#### Assigned task:
Each word in the data below should be copied exactly; the images should not.
Recorded data section start
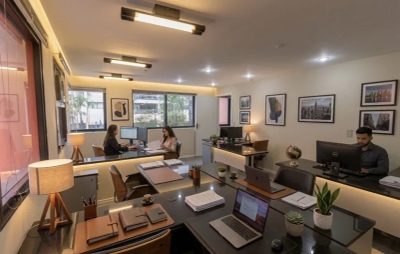 Prédio Inteiro, 45 m² - Foto 1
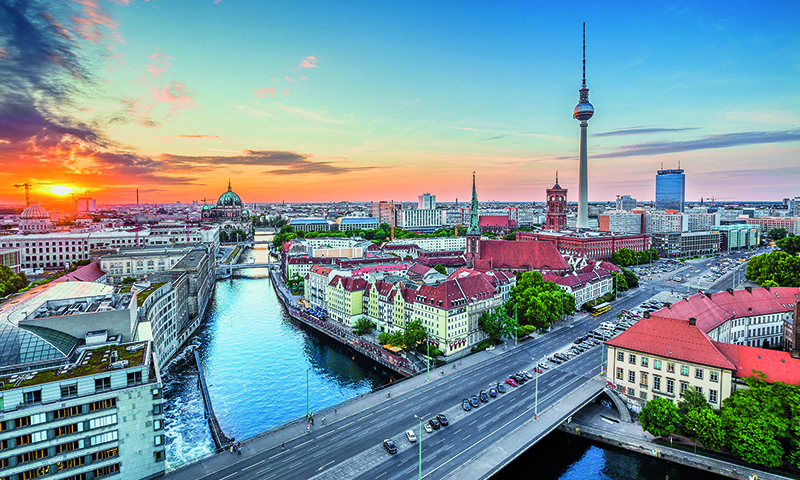 Berlin 2023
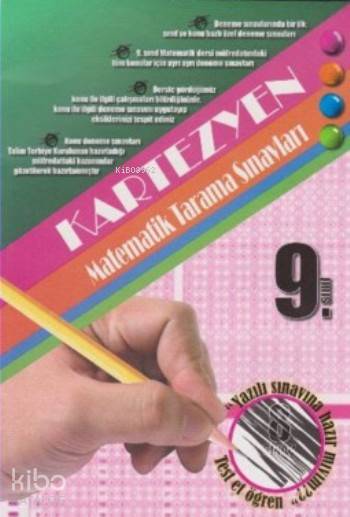  9. Sınıf Matematik Tarama Sınavları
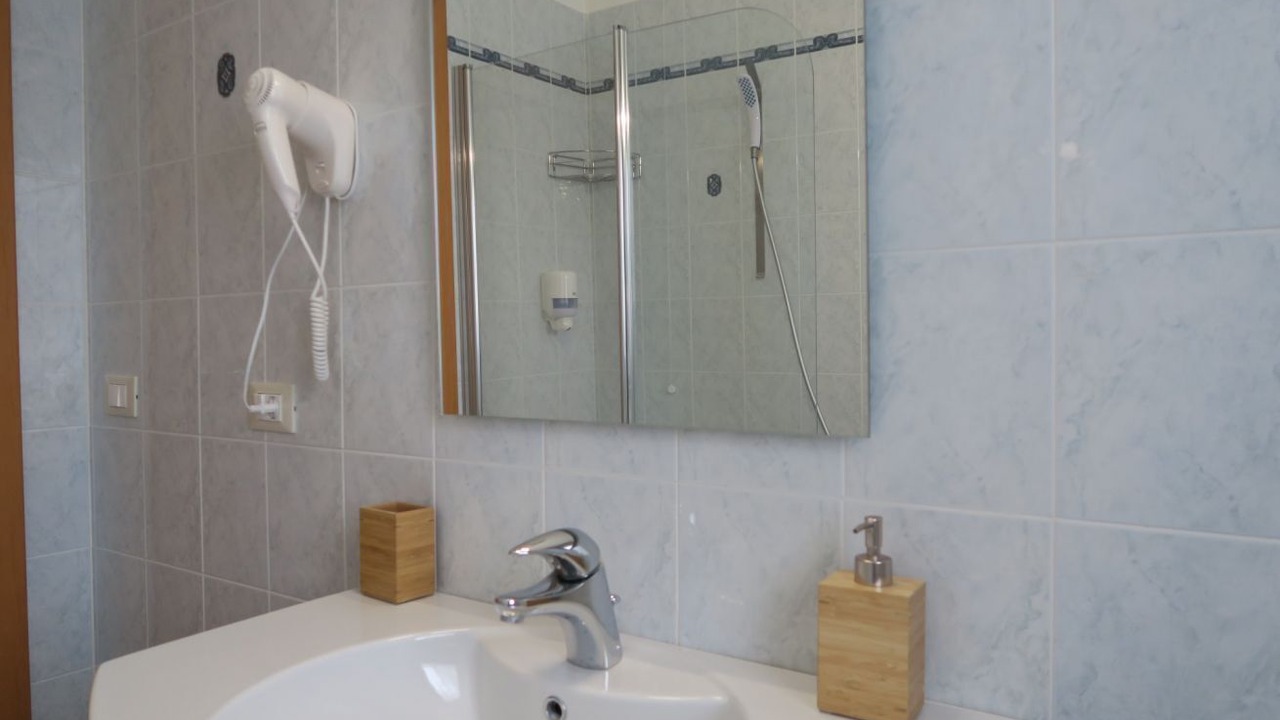 Photo of Bathroom in Cellino Attanasio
Recorded data section end
#### Solution for this problem:
 Prédio Inteiro, 45 m² - Foto 1
 Berlin 2023
  9. Sınıf Matematik Tarama Sınavları
 Photo of Bathroom in Cellino Attanasio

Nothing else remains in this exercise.